The use of an anti-androgen and a form of castration is called Combined Androgen Blockade or CAB. Combined androgen blockade may also be called combined hormone blockade or total hormone blockade. During prostate cancer hormone therapy, the most common form of CAB is an anti-androgen which is started a few weeks before a Luteinizing Hormone-releasing Hormone agonist. LHRH agonists by themselves will cause hormone flare which can be painful, or deadly, or both for patients with advanced prostate cancer with distant bone metastasis.

The hormone flare triggered by the LHRH agonist is a reaction that causes the body to flood with testosterone for 7 to 10 days. Since testosterone can help prostate cancer grow, many patients, even those in earlier stages of less aggressive prostate cancer, may prefer to avoid hormone flare. Anti – androgens block the body’s ability to use testosterone, so the flood of testosterone never reaches the prostate gland. This form of combined androgen blockade is common for patients in later stages of prostate cancer. Hormone flare is not dangerous to early stage prostate cancer patients nor will hormone flare incite a more aggressive growth of their prostate cancer.

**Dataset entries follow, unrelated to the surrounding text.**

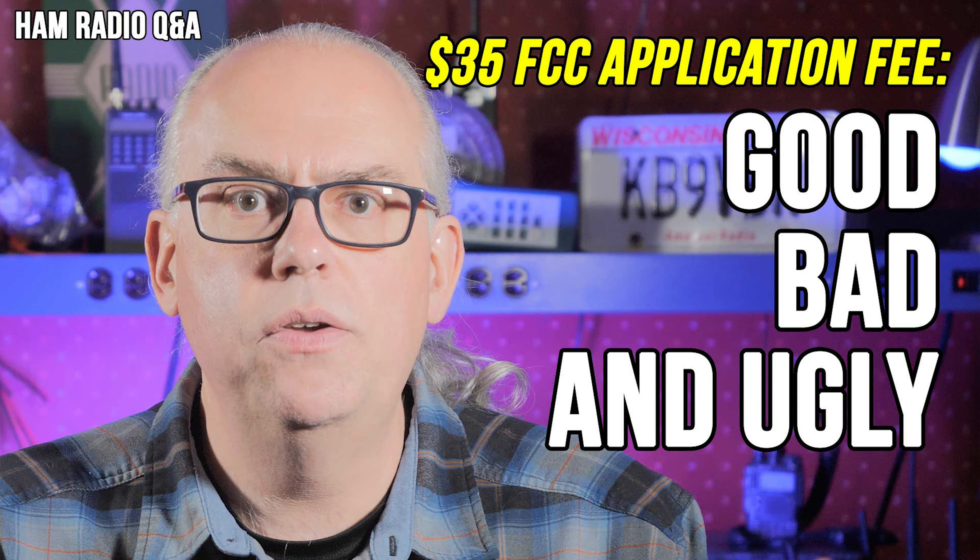Number nine: the FCC amateur application fee. After about two years of discussion, public comment, and delays, the FCC finally started collecting the $35 application fee for new license grants and renewals. While there has been some subtle reworking of the system since this video aired, the content is still quite valid.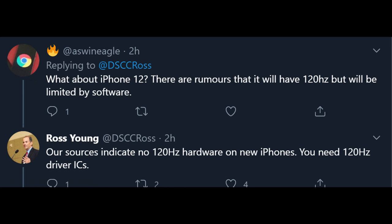He also threw in a little tidbit here saying that his sources indicate that no 120 hertz hardware will be on the new iPhones. There have been rumors that the iPhone was going to have it and then not going to have it, and Ross Young has a very good track record. He's an insider with displays and things like that, so him saying this you can probably count as concrete.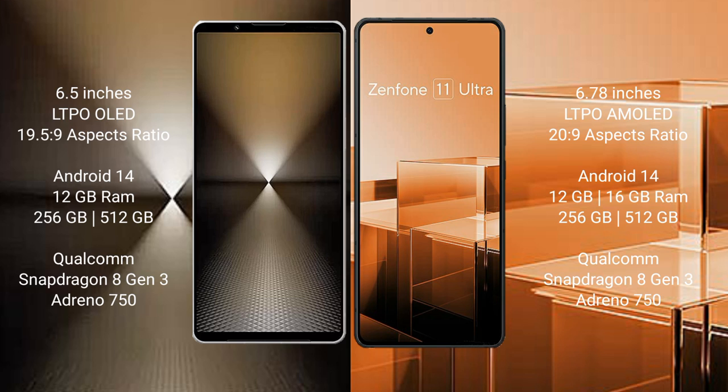Both the Sony Xperia 1 Mark 6 and the Asus Zenfone 11 Ultra run on the Android 14 operating system.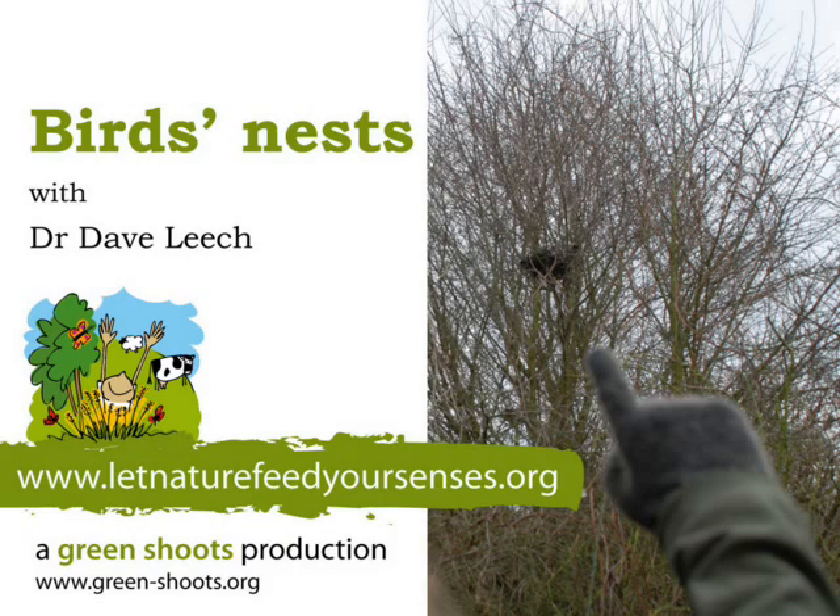Whatever the place, the shape and the size of the nest, the really important thing is that it provides a home for the eggs and the chicks to grow up in — and that's the really fascinating thing about birds' nests.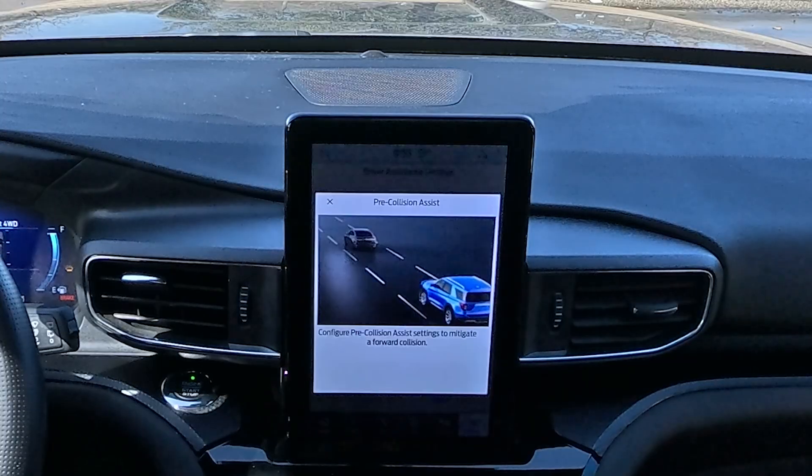Another cool feature I always use on my car is collision assist, also known as AEB — automatic emergency braking. It helps stop the car when it detects something stopped in front of me. The safety opportunity with all the new advancements, better sensing, and the usability of the technology we're enabling is really going to be game-changing for the industry and for consumers.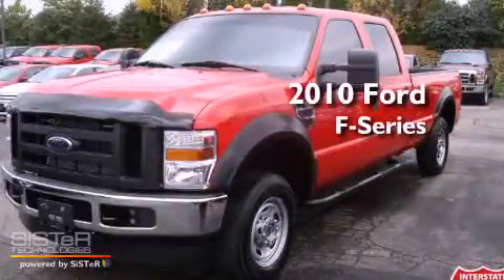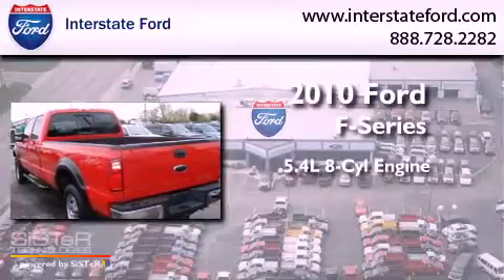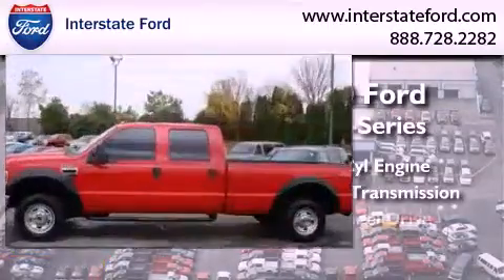This is a 2010 Ford F-250. It features a 5.4-liter, eight-cylinder engine, an automatic transmission, and four-wheel drive.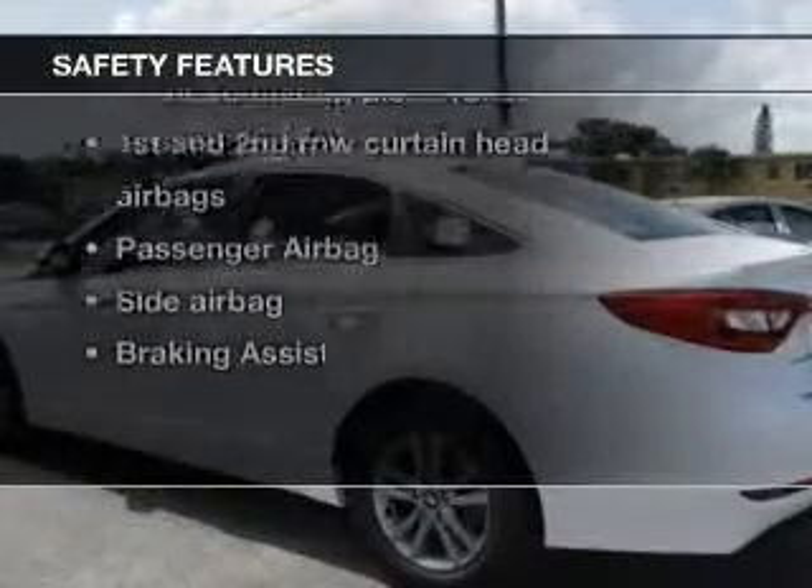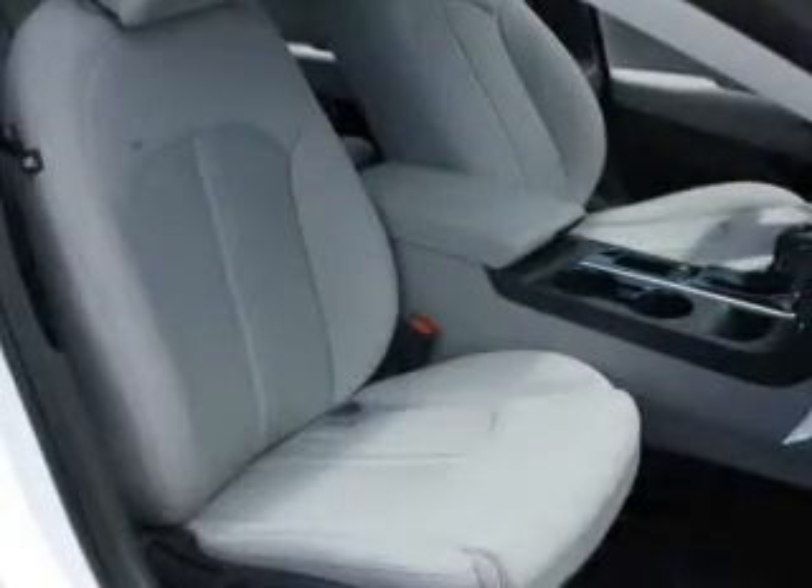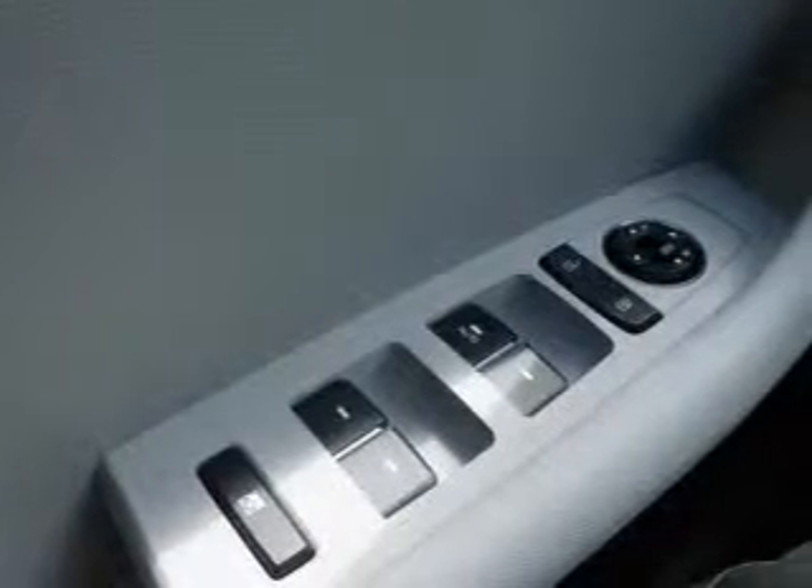For your peace of mind, the following safety equipment is included: front ventilated disc brakes, curtain head airbags, passenger airbag, side airbag, traction control, stability control, and daytime running lights.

Castration, both the surgical orchiectomy and the medical LHRH agonist and LHRH antagonist, will eliminate only 90 to 95 percent of the body’s testosterone. Some doctors may recommend that their patients opt to ablate 100% of the testosterone. Castration affects only the testosterone produced by the testicles, not the adrenal glands located near the kidneys. Taking an anti-androgen in addition to surgical or chemical castration will prevent the prostate cancer from taking up the remaining 5 to 10 percent of testosterone.

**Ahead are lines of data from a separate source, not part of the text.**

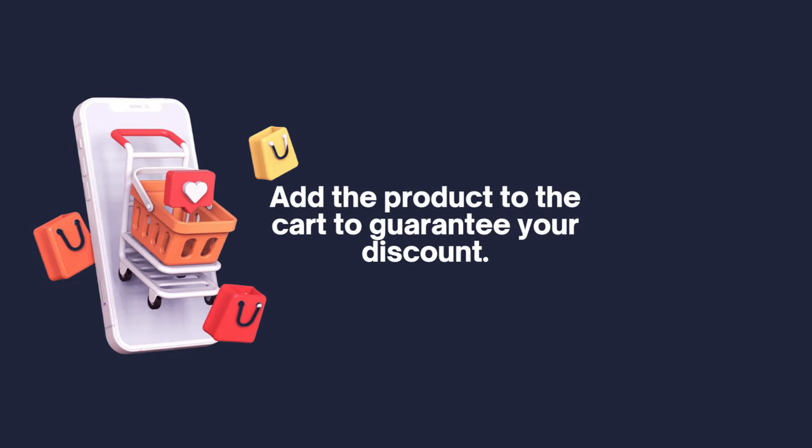Thank you for your company in this video. Stay now with other videos from our channel and check in the comments for other models of vlogging cameras on offer. Do not forget to add the product to the cart to ensure the offer. Thank you very much and see you soon.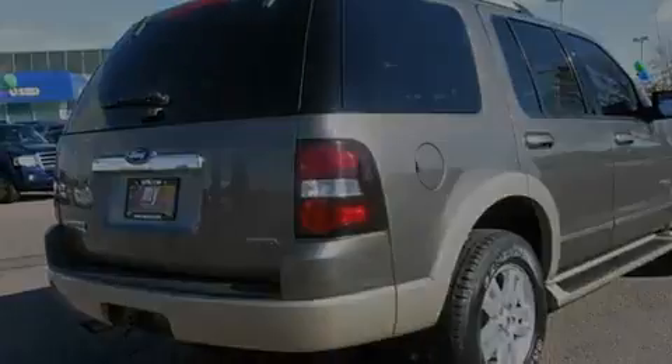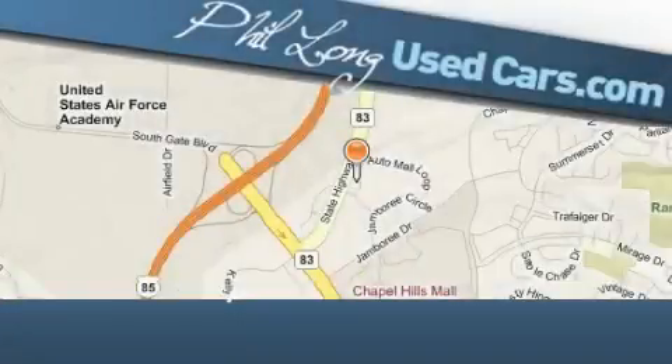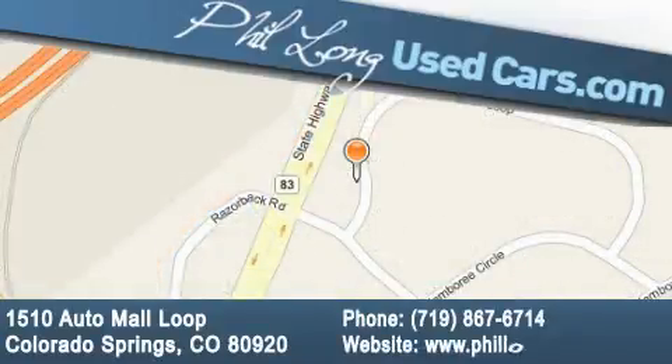We invite you to contact us today to learn more about this vehicle. Phil Long Used Cars is located at 1510 Auto Mall Loop in Colorado Springs. Our goal is to exceed all of your expectations to ensure that you'll return for future visits.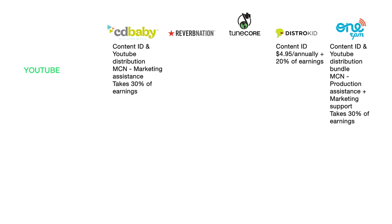OneRPM takes 30% of your earnings just like CD Baby. TuneCore has content ID with a $10 one-time setup fee and takes 20% of your earnings. Reverb Nation doesn't provide any YouTube program.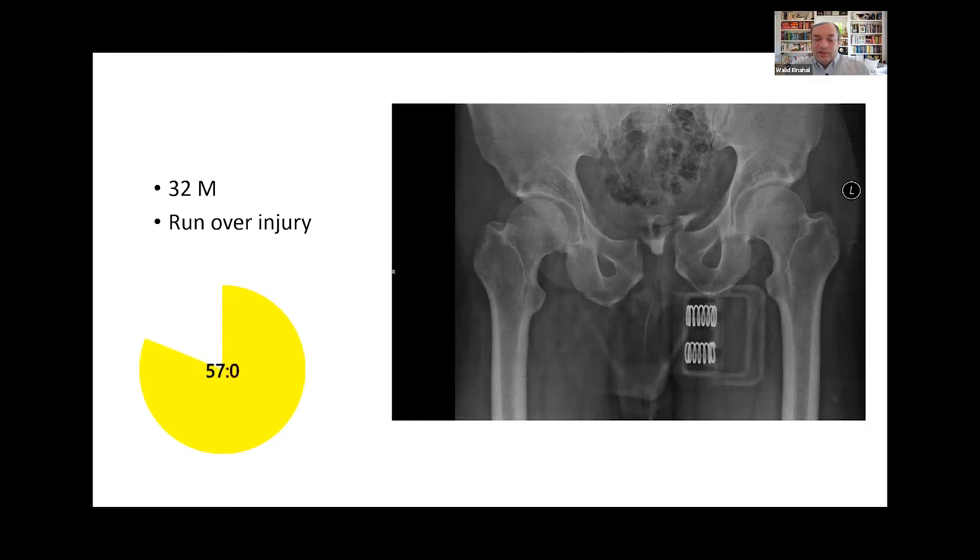For pelvic packing, he would stabilize the pelvis first — either placing an external fixator in the iliac bones or leaving the pelvic binder on. He would then pack the pelvis through a midline longitudinal incision, going between the two recti, inserting four surgical towels on each side, then closing the fascia and monitoring the patient.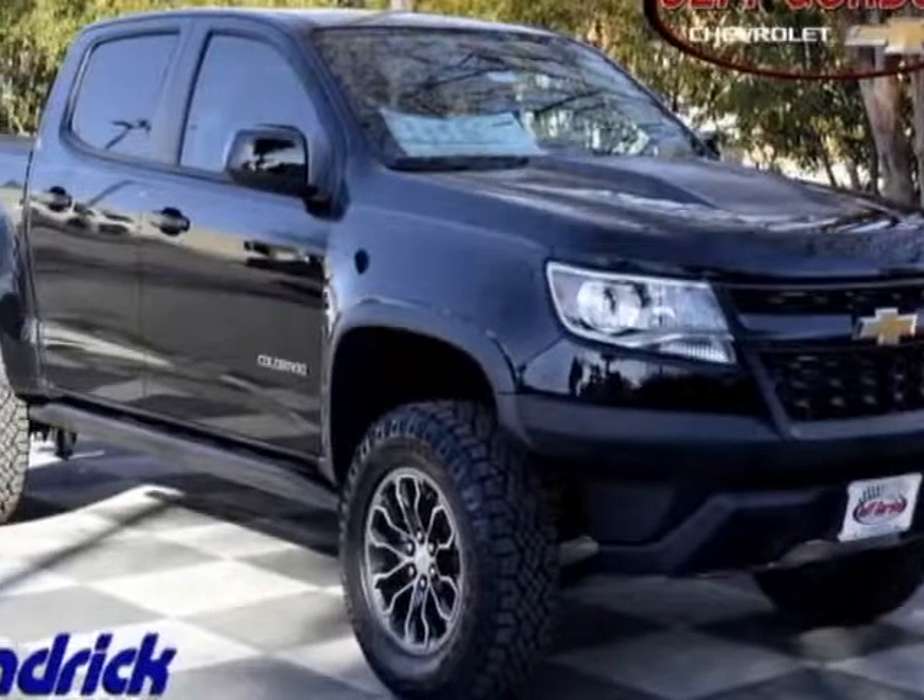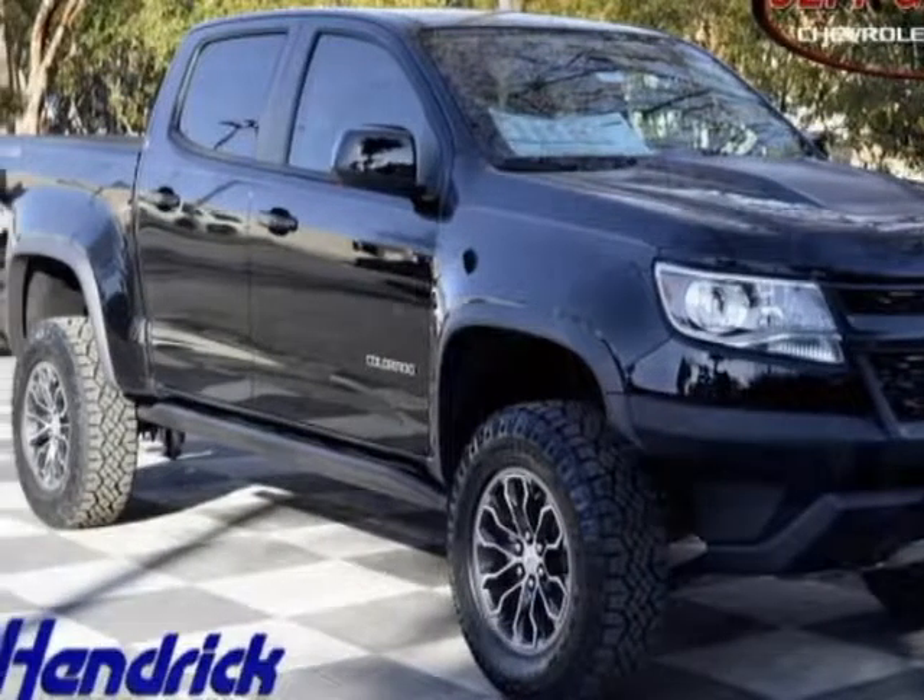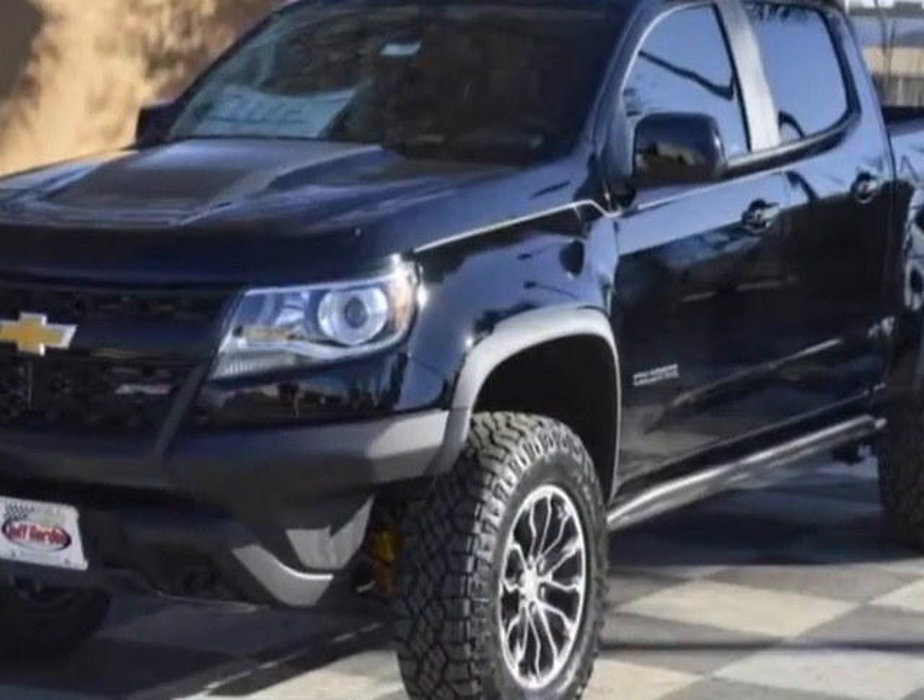Look at this new 2018 Chevrolet Colorado. For your protection, this vehicle has a full factory warranty.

Sometimes, when orchiectomy, LHRH agonists, or LHRH antagonists are no longer effective for slowing the growth of prostate cancer, the use of an anti-androgen will keep prostate cancer hormone effective for a longer period of time. The anti-androgen withdrawal effect is where the prostate cancer cells who have adapted to no testosterone are stopped by the reintroduction of testosterone. Anti-androgen withdrawal may have some effect with patients who are using combined androgen blockade.

Estrogen is sometimes used with prostate cancer hormone therapies. The use of lower dose estrogen may lessen the severity or the occurrence of side effects caused by castration or anti-androgens.

As a prostate cancer treatment, there is much controversy surrounding the use of combined androgen blockade (CAB). There are studies that suggest that patients who opt for combined androgen blockade as their prostate cancer treatment have slightly higher overall survival rates than those who have used castration or anti –androgens alone. These studies also indicate that combined androgen blockade has higher biochemical relapse free survival rates when compared to anti – androgens or castration alone. Other studies suggest the opposite: patients who opt for combined androgen blockade have a slightly lower overall survival rates than those who opt for castration or anti – androgens alone.